● DIRECTIONS
The full listing, excluding its pictures, should be printed exactly as it stands.

● PROVIDED DATA
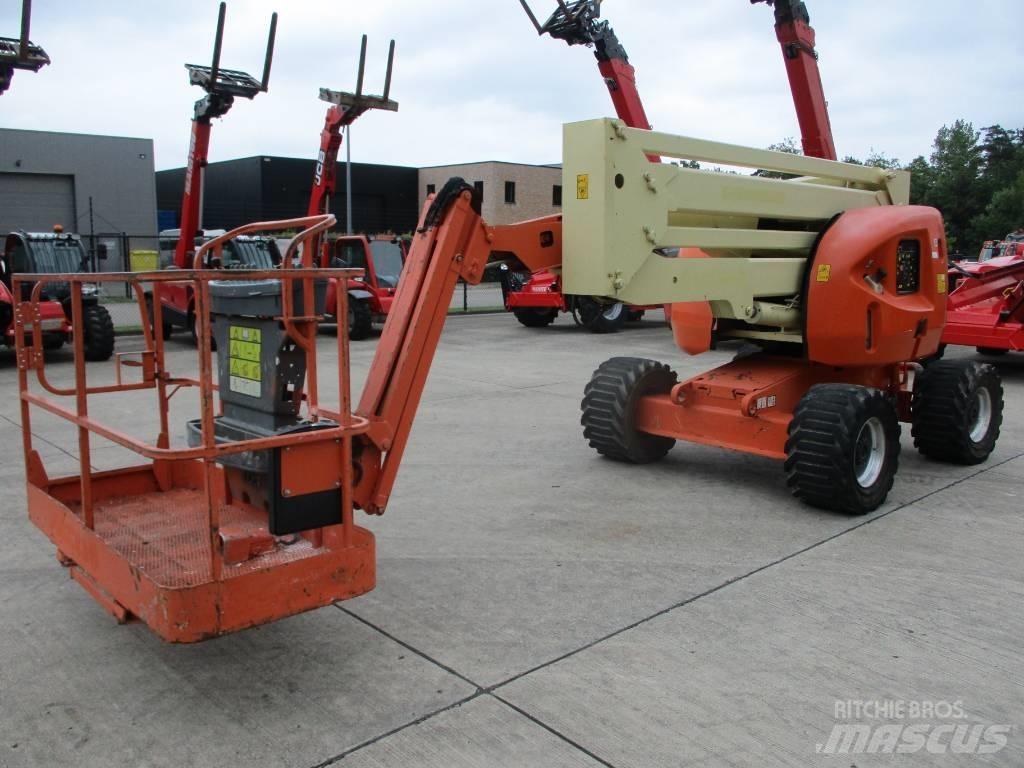 JLG 450 AJ (868) Компактни самоходни стрелови подемници
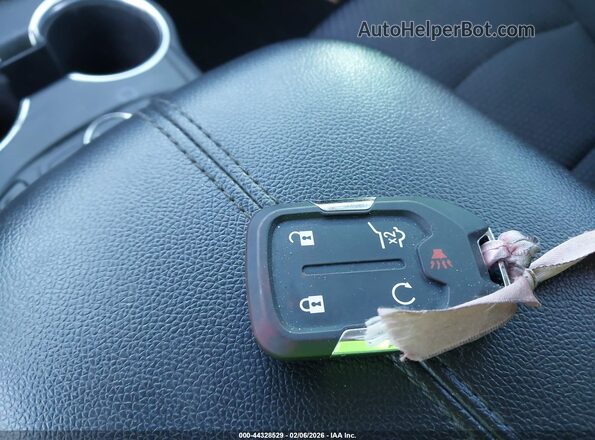 3GKALMEV5NL165337 2022 GMC TERRAIN Серебряный Вид панели приборов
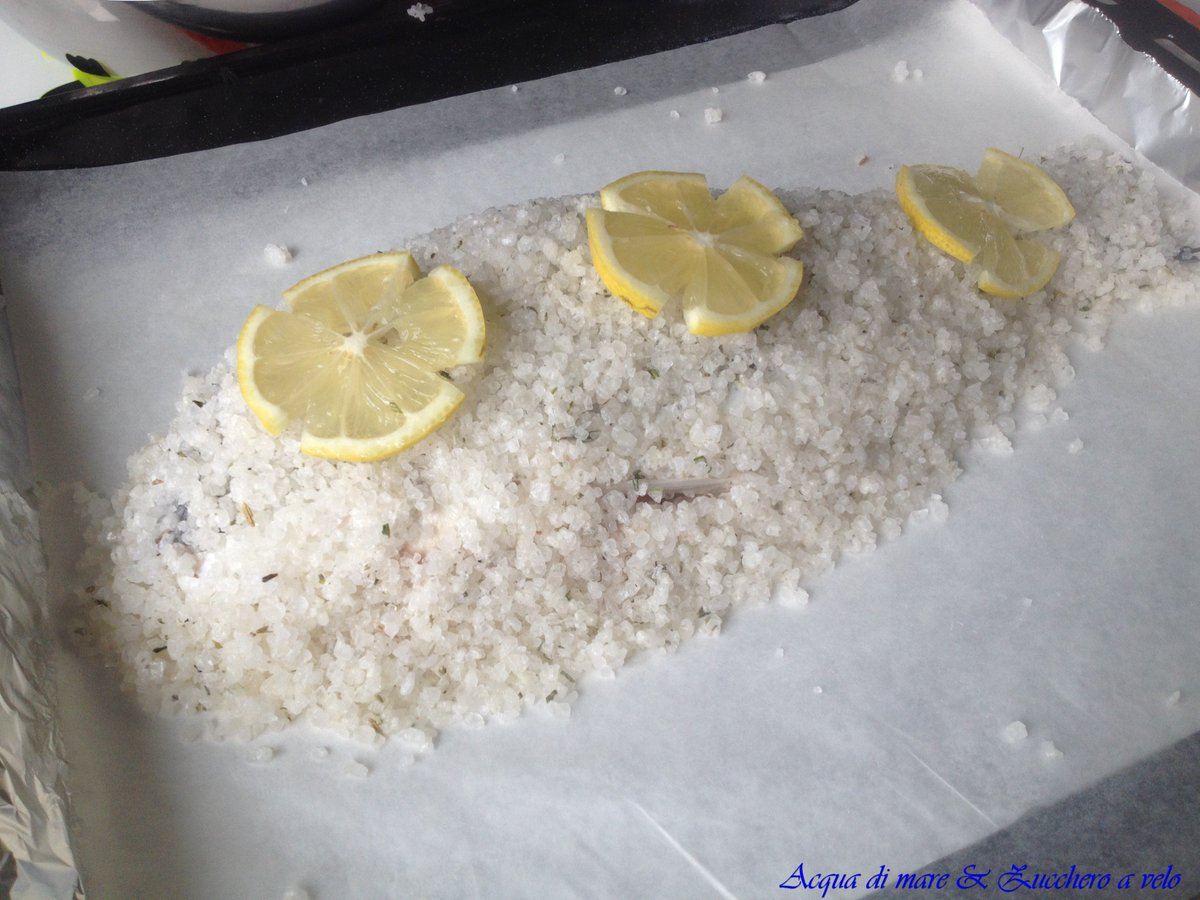 sayury87's tweet photo. https://t.co/FrGzMnXQ1r #gialloblogs #natale #secondodipesce https://t.co/0uSwzADHza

● OUTPUT FOR THIS TASK
 JLG 450 AJ (868) Компактни самоходни стрелови подемници
 3GKALMEV5NL165337 2022 GMC TERRAIN Серебряный Вид панели приборов
 sayury87's tweet photo. https://t.co/FrGzMnXQ1r #gialloblogs #natale #secondodipesce https://t.co/0uSwzADHza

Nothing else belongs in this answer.